Admittedly, there isn’t much use for a sword-wielding warrior these days. However, the Way of the Warrior, the Samurai’s code of ethics referred to as Bushido, lives on as a useful set of principles to help you live a more balanced life.
And, it just so happens, they’re principles we could use now more than ever.
I look at the Samurai because they were the artists of their time. What I think struck me when I read Bushido is compassion. ‘If there’s no one there to help, go out and find someone to help.’ That hit me, because I try to lead my life like that.
– Tom Cruise
These are the eight principles of Bushido:
This one is sometimes referred to as justice, and it’s about striving to do the right thing. You can’t control the rest of the world, but you can seek to follow the way of righteousness in your own life.
This is about more than just doing the right thing when dealing with others, though, it also has to do with maintaining integrity when nobody’s watching.
Samurai would have made excellent Gryffindor. It’s no surprise that a warrior must be courageous, but courage is about more than just the courage to face your own death in combat. To be truly courageous means to face your life as a whole with the confidence necessary to overcome your challenges and realize happiness.
“With great power comes great responsibility.”
You must seek opportunities to use your power for the greater good, understanding the pain of others and desiring to help in any way that you can.
True compassion is understanding, so we must not only understand our own place, but also the desires and wishes of others and how our actions affect those people.
When one has power, they must also know when and how to use that power wisely.
Power can easily corrupt and the ability of a Samurai to kill another human being with ease is a power that had to be wielded with great wisdom and respect. Not just for others, but for oneself, to avoid corrupting one’s soul.

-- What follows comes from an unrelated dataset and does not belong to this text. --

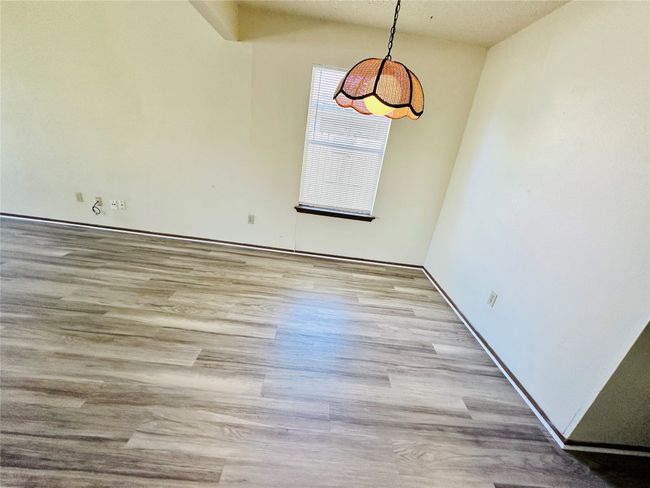 Unfurnished dining area with wood finished floors and a textured ceiling | Image 15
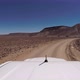 Car Driving on Gravel Road in Desert - VideoHive Item for Sale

There are many forms of power in the world, and virtually all of them can be used to either help or hurt. One must live their life in a way that respects others, and learn to use their power to live most effectively.
Truthfulness encompasses two different qualities: honesty and dependability.
The word of a person has great value, but the value of those words lessens over time as each lie or failed promise builds.
Seek to remain honest in how you speak so that when you speak, others know you’re not only telling the truth, but also that they can count on you following through.
Samurai treasured honor above perhaps all other qualities.
As a samurai, your honor was everything and to be dishonored was worth more than death. In fact, for a samurai, dishonor often resulted in a samurai committing what was called harakiri, or ritual suicide with a katana.
Clearly, the average person doesn’t live by such principles. However, honor is nevertheless critical to realizing your best self. Honor is a representation of who you are as a person. It is your word, your actions, and your very worth as a person all-encompassing reflected in others.
A samurai knows his place in the world. Closely aligned with truthfulness, those you care about and work with should know that they can count on you no matter what.
This kind of fierce loyalty doesn’t just help others — it helps you create unbreakable bonds because it reflects and communicates how valuable they are to you.
The final principle of the Bushido is about having the self-control to pursue and exemplify the entire code.
The first seven principles encompass all the things that are important for the samurai to follow. However, just as important is an emphasis on following the principles themselves. As poetic as the principles sound, if you don’t actually follow through with them they’re absolutely useless.
The Way of the Warrior was much less intellectual than it was action-oriented, with the expression and fulfillment of character being at the forefront. Therefore, great self-control was needed to follow through with said principles.